Dinosaurs for sale in Paris as they become trendy decorative pieces

Dinosaurs have become cool, trendy -- real objects of decoration, like paintings, said acopo Briano of Binoche et Giquello.

Update: 2018-04-11 10:19 GMT
Dinosaur bones are increasingly gracing collectors' cabinets, with another huge skeleton, that of a theropod, expected to fetch up to 1.5 million euros ($1.84 million) when it goes up for auction in June. (Photo: AFP)

Paris: The skeletons of an allosaurus and a diplodocus are up for auction in Paris this week, marketed as hip interior design objects -- for those with big enough living rooms.

"The fossil market is no longer just for scientists," said Iacopo Briano of Binoche et Giquello, the auction house that is putting the two dinosaurs under the hammer on Wednesday.

"Dinosaurs have become cool, trendy -- real objects of decoration, like paintings," the Italian expert told AFP, citing Hollywood actors Leonardo DiCaprio and Nicolas Cage as fans of such outsize prehistoric ornaments.

Cage, however, did hand back the rare skull of a tyrannosaurus bataar, a close cousin of T. rex, that he bought in 2007 after it was found to have been stolen and illegally taken out of Mongolia.

Dinosaur bones are increasingly gracing collectors' cabinets, with another huge skeleton, that of a theropod, expected to fetch up to 1.5 million euros ($1.84 million) when it goes up for auction in June.

"For the last two or three years the Chinese have become interested in palaeontology and have been looking for big specimens of dinosaurs found on their soil, for their museums or even for individuals," Briano said.

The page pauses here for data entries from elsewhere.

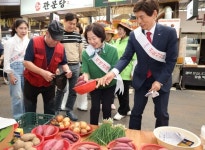 대구 달서구, 추석 장보기로 전통시장 활력
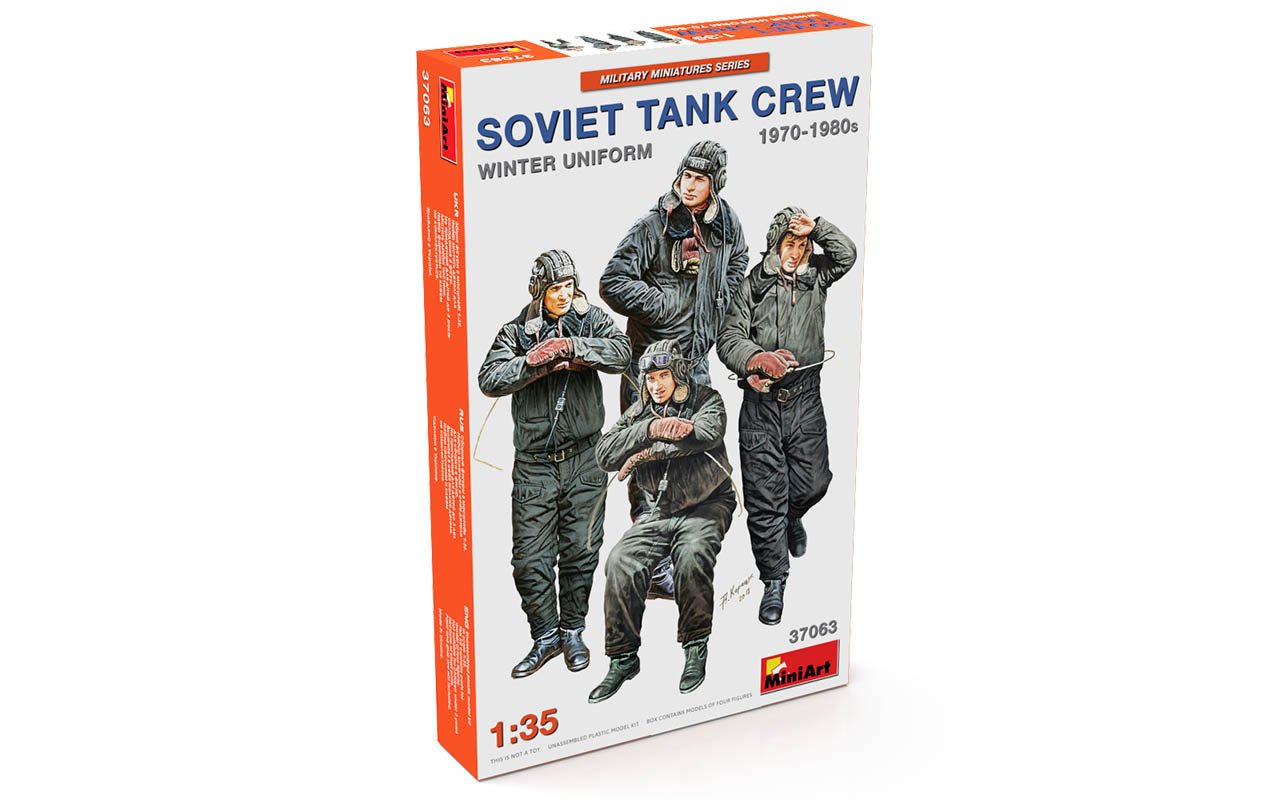 Soviet Tank Crew Winter Uniform 1970-80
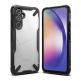 Хибриден удароустойчив кейс за Samsung Galaxy A54 5G - Ringke Fusion X Case (черен-прозрачен) 1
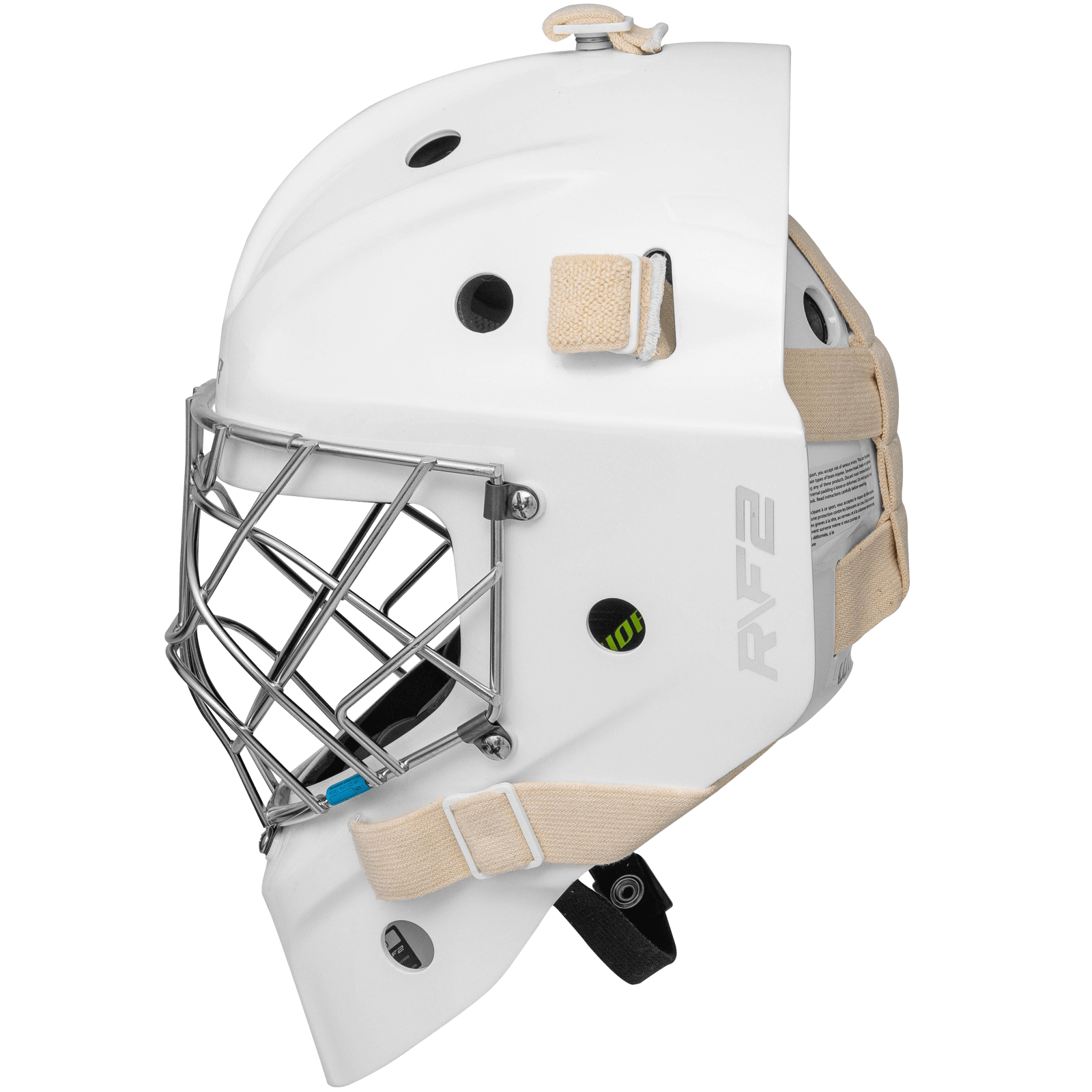 WARRIOR R/F2 E+ Målvaktsmask Senior - 4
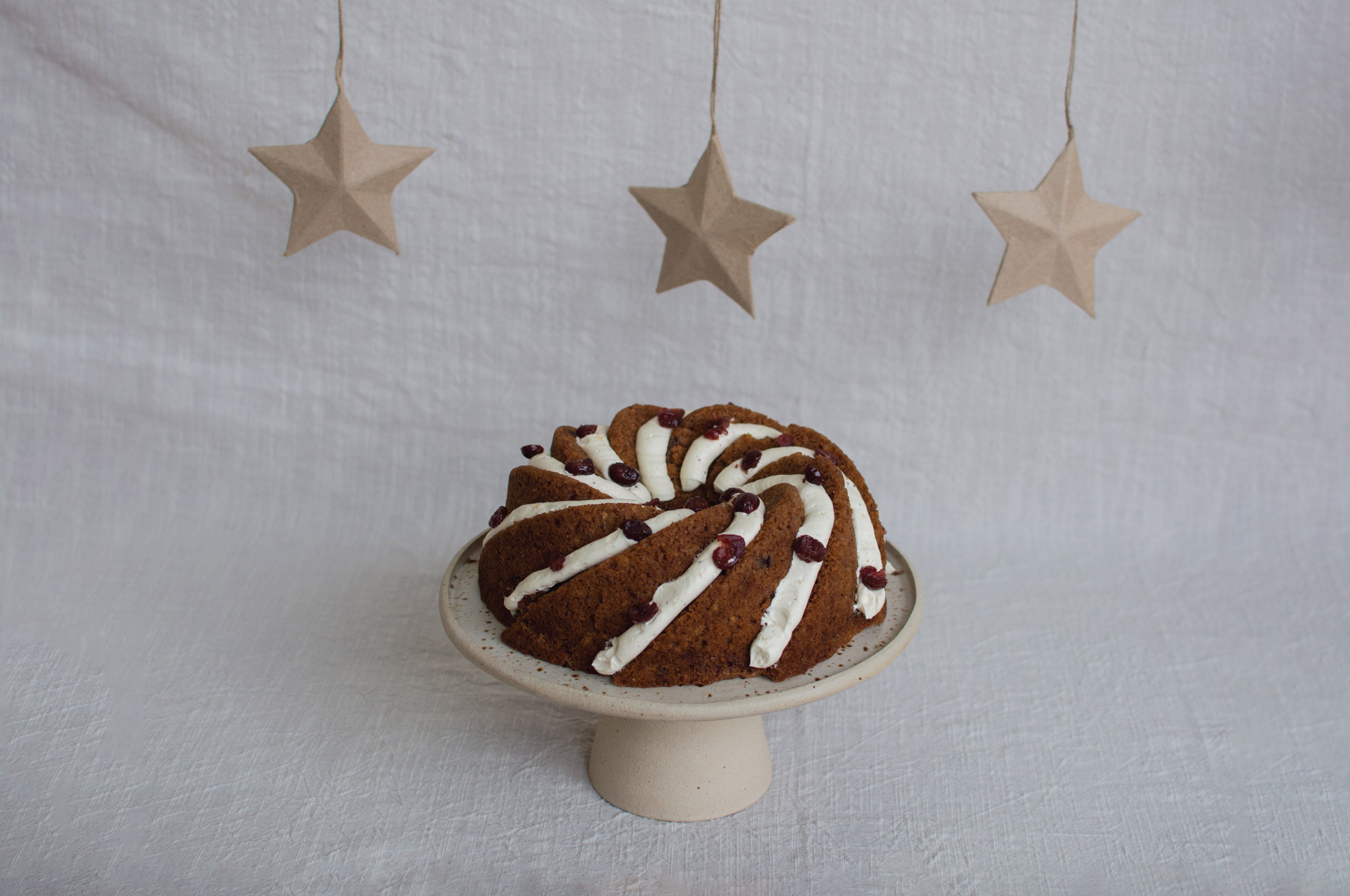 Food For Thought: Festive Bundt Cake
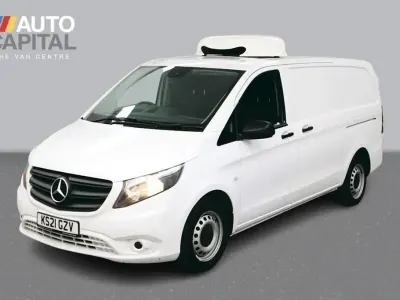 Used Mercedes Vito Progressive 102 HP (75 kW) 2021 White Van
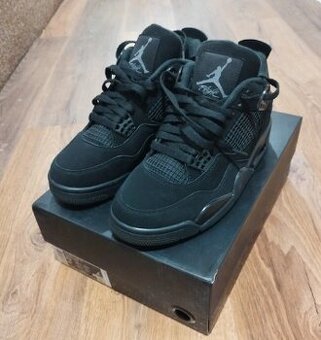 jordan 4 retro black cat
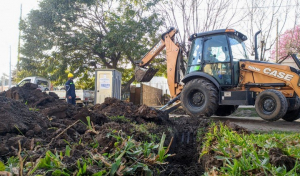 Lee más sobre el artículo Ampliación de la red de agua potable en barrios de Reconquista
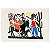 Xilogravura ''Os Retirantes" G - J. Miguel - PE - Imagem 1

The new buyers are now bidding against multinational corporations as well as ultra-rich Europeans and Americans, the "traditional" buyers of dinosaur skeletons, Briano added.

In 1997, McDonald's and Walt Disney were among donors stumping up $8.36 million to buy Sue -- the most complete and best preserved Tyrannosaurus rex ever found -- for the Field Museum of Natural History in Chicago.

"Millions of people come to see it, it's incredible publicity for companies," said Eric Mickeler, a natural history expert for the Aguttes auction house.

Palaeontologists acknowledge that many fossils that go on the block are of limited scientific interest, but important specimens do go up for auction and can, as in Sue's case, be bought through acts of patronage.

The market remains small and "isn't for everybody", Mickeler said.

Only around five dinosaurs are put up for auction around the world every year.

The allosaurus which goes on sale Wednesday, among 87 lots of natural artefacts, is considered "small" at 3.8 metres (12.5 feet) long.

It is expected to fetch up to 650,000 euros, while the diplodocus -- despite being bigger at 12 metres long from nose to tail -- has a guide price of 450,000 to 500,000 euros.

Carnivores like the allosaurus often fetch more than herbivores.

"People like the teeth," Mickeler said.

The price also goes up if the skeleton shows traces of a fight or an incurable illness, as well as if it is considered rare, has a high percentage of verified bones, or a particularly impressive skull.

"We recently sold a very beautiful piece to a Venetian family, they have a magnificent big room in which the dinosaur is perfectly at ease," Briano said.

But Ronan Allain, a palaeontologist at the Natural History Museum of Paris, denounced "completely nonsensical" prices.

"It's the luxury world, it's not for people like us," he said.

"We could decide to buy it pre-emptively, but for the theropod, for example, that would mean shelling out more than a million," he said.